Ingest data into your Warehouse using data pipelines

Članak
04/24/2024

Applies to: ✅ Warehouse in Microsoft Fabric

Data pipelines offer an alternative to using the COPY command through a graphical user interface. A data pipeline is a logical grouping of activities that together perform a data ingestion task. Pipelines allow you to manage extract, transform, and load (ETL) activities instead of managing each one individually.

In this tutorial, you'll create a new pipeline that loads sample data into a Warehouse in Microsoft Fabric.

Note

Some features from Azure Data Factory are not available in Microsoft Fabric, but the concepts are interchangeable. You can learn more about Azure Data Factory and Pipelines on Pipelines and activities in Azure Data Factory and Azure Synapse Analytics. For a quickstart, visit Quickstart: Create your first pipeline to copy data.

Create a data pipeline

To create a new pipeline navigate to your workspace, select the +New button, and select Data pipeline.
In the New pipeline dialog, provide a name for your new pipeline and select Create.
You'll land in the pipeline canvas area, where you see three options to get started: Add a pipeline activity, Copy data, and Choose a task to start.

Each of these options offers different alternatives to create a pipeline:
- Add pipeline activity: this option launches the pipeline editor, where you can create new pipelines from scratch by using pipeline activities.
- Copy data: this option launches a step-by-step assistant that helps you select a data source, a destination, and configure data load options such as the column mappings. On completion, it creates a new pipeline activity with a Copy Data task already configured for you.
- Choose a task to start: this option launches a set of predefined templates to help get you started with pipelines based on different scenarios.
Pick the Copy data option to launch the Copy assistant.
The first page of the Copy data assistant helps you pick your own data from various data sources, or select from one of the provided samples to get started. For this tutorial, we'll use the COVID-19 Data Lake sample. Select this option and select Next.
In the next page, you can select a dataset, the source file format, and preview the selected dataset. Select Bing COVID-19, the CSV format, and select Next.
The next page, Data destinations, allows you to configure the type of the destination workspace. We'll load data into a warehouse in our workspace, so select the Warehouse tab, and the Data Warehouse option. Select Next.
Now it's time to pick the warehouse to load data into. Select your desired warehouse in the dropdown list and select Next.
The last step to configure the destination is to provide a name to the destination table and configure the column mappings. Here you can choose to load the data to a new table or to an existing one, provide a schema and table names, change column names, remove columns, or change their mappings. You can accept the defaults, or adjust the settings to your preference.
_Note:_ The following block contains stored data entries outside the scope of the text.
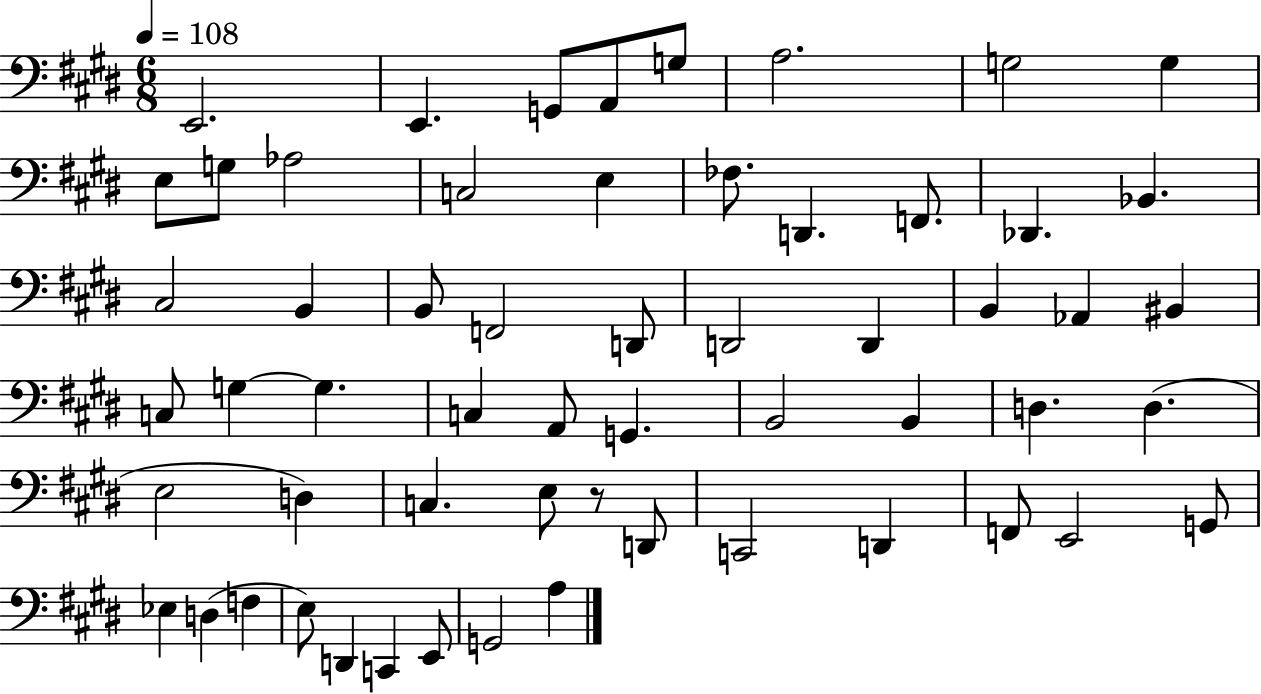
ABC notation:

X:1
T:Untitled
M:6/8
L:1/4
K:E
E,,2 E,, G,,/2 A,,/2 G,/2 A,2 G,2 G, E,/2 G,/2 _A,2 C,2 E, _F,/2 D,, F,,/2 _D,, _B,, ^C,2 B,, B,,/2 F,,2 D,,/2 D,,2 D,, B,, _A,, ^B,, C,/2 G, G, C, A,,/2 G,, B,,2 B,, D, D, E,2 D, C, E,/2 z/2 D,,/2 C,,2 D,, F,,/2 E,,2 G,,/2 _E, D, F, E,/2 D,, C,, E,,/2 G,,2 A,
When you're done reviewing the options, select Next.
The next page gives you the option to use staging, or provide advanced options for the data copy operation (which uses the T-SQL COPY command). Review the options without changing them and select Next.
The last page in the assistant offers a summary of the copy activity. Select the option Start data transfer immediately and select Save + Run.
You are directed to the pipeline canvas area, where a new Copy Data activity is already configured for you. The pipeline starts to run automatically. You can monitor the status of your pipeline in the Output pane:
After a few seconds, your pipeline finishes successfully. Navigating back to your warehouse, you can select your table to preview the data and confirm that the copy operation concluded.